O Comitê de Política Monetária (Copom) do Banco Central (BC) define nesta quarta (1), a taxa básica de juros, a Selic. Na sétima reunião de 2023, que teve início nesta terça (31), a expectativa é que o órgão reduza a taxa dos atuais 12,75% ao ano para 12,25%.

Este deverá ser o terceiro corte desde agosto, quando a autoridade monetária interrompeu o ciclo de aperto monetário. Após sucessivas quedas no fim do primeiro semestre, a inflação voltou a subir na segunda metade do ano, mas essa alta era esperada por economistas.

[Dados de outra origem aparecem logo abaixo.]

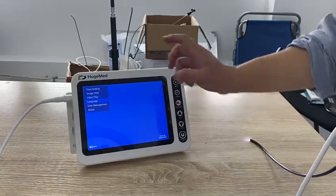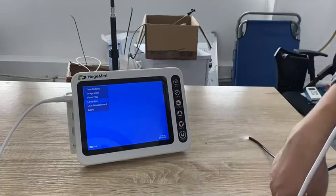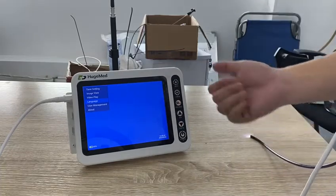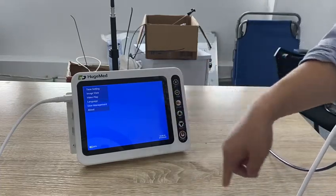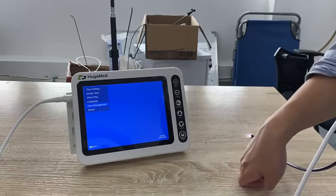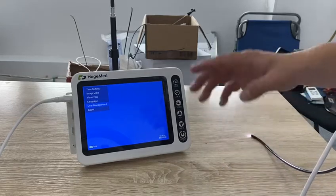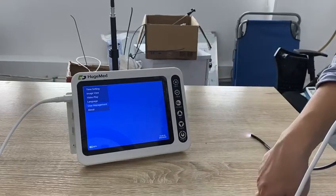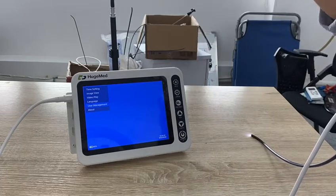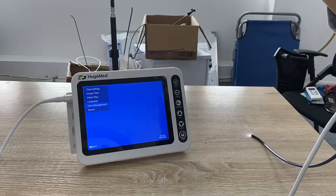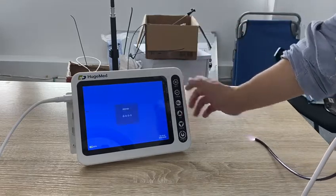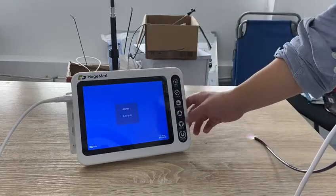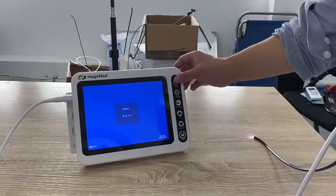For languages, we have English and Chinese as options. There is also user management — you can log in and set up all the accounts. You can assign accounts to your doctors, and only doctors with accounts can log into the system.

A taxa básica de juros é usada nas negociações de títulos públicos emitidos pelo Tesouro Nacional no Sistema Especial de Liquidação e Custódia (Selic) e serve de referência para as demais taxas da economia.

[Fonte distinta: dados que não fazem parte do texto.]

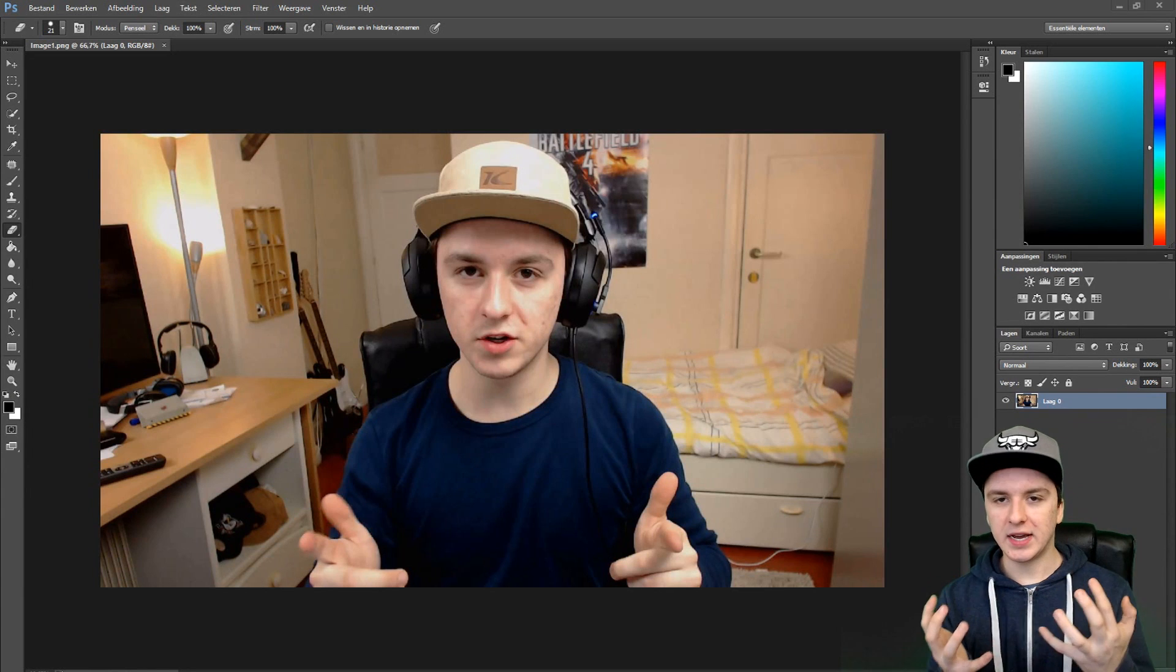As you can see, we're right here behind a green screen, but that doesn't matter. I'm just going to show you how to cut away the background and add another image to it. So let's get started.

Ela é o principal instrumento da autoridade monetária para manter a inflação sob controle. O BC atua diariamente por meio de operações de mercado aberto – comprando e vendendo títulos públicos federais – para manter a taxa de juros próxima do valor definido na reunião.

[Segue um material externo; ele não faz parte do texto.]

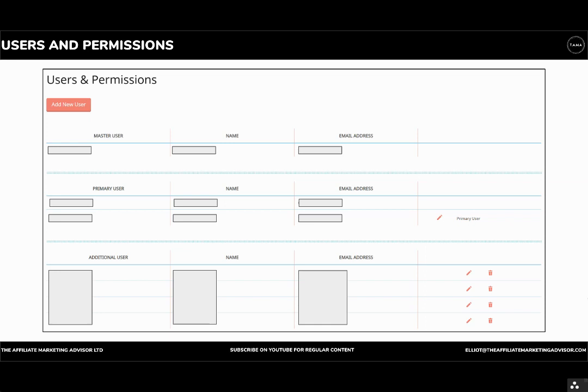You can set primary users. The difference between primary and master is that master users can set permissions for everyone, whereas primary users cannot. Primary users can't change themselves to master user. There can only be one master user. Primary users should be the day-to-day people actually running the account. And then additional users may be your finance person who may need limited access to access invoicing and billing.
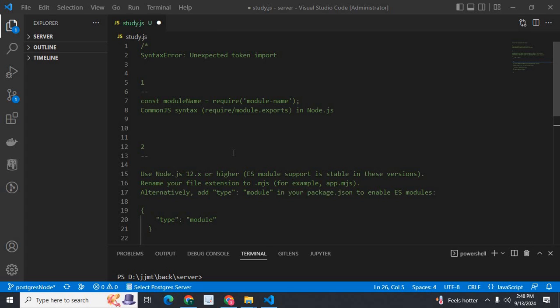Dear friends, welcome to Technisery. In this video, we are going to discuss the error SyntaxError: Unexpected Token Import. I got this error in my Node.js project.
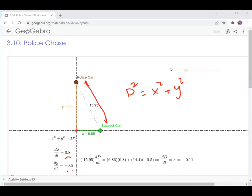So how X and Y are changing — if I basically take the derivative of this, I have to remember that D, X, and Y are all functions of time.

Na véspera da decisão sobre a taxa básica de juros (Selic), o vice-presidente da República, Geraldo Alckmin, disse esperar que os juros possam cair ainda mais.

“Os juros estão caindo. Amanhã esperamos que caiam mais ainda. E precisa cair mais depressa”, disse Alckmin, que também acumula o cargo de ministro da Indústria, Comércio e Serviços (MDIC), em discurso durante a cerimônia de posse da nova diretoria da Confederação Nacional da Indústria (CNI), nesta terça (31), em Brasília.

“Não depende só da gente porque o Banco Central tem autonomia, mas eu acho que as condições para a redução dos juros estão sendo colocadas”, pontuou.

Depois da pressão do governo do presidente Luiz Inácio Lula da Silva e de setores da sociedade civil, o Copom começou um novo ciclo de queda. Com a inflação controlada, os BC passou a reduzir em meio ponto percentual a taxa de juros Selic.

Com isso, em setembro, o Brasil deixou de ter a maior taxa de juros reais do mundo — lugar que ocupava desde outubro de 2022.

A lista mostra que o país foi superado pelo México depois que o Comitê de Política Monetária (Copom) anunciou corte de 0,50 ponto percentual na taxa básica de juros do país, para 12,75% ao ano.

O juro real é formado pela taxa de juros nominal do país subtraída a inflação prevista para os próximos 12 meses. É uma medida de comparação de aperto monetário entre vários países.

Com a redução anunciada em setembro, os juros reais do país ficaram agora em 6,30%. Em primeiro lugar, o México acumula juros reais de 6,61%.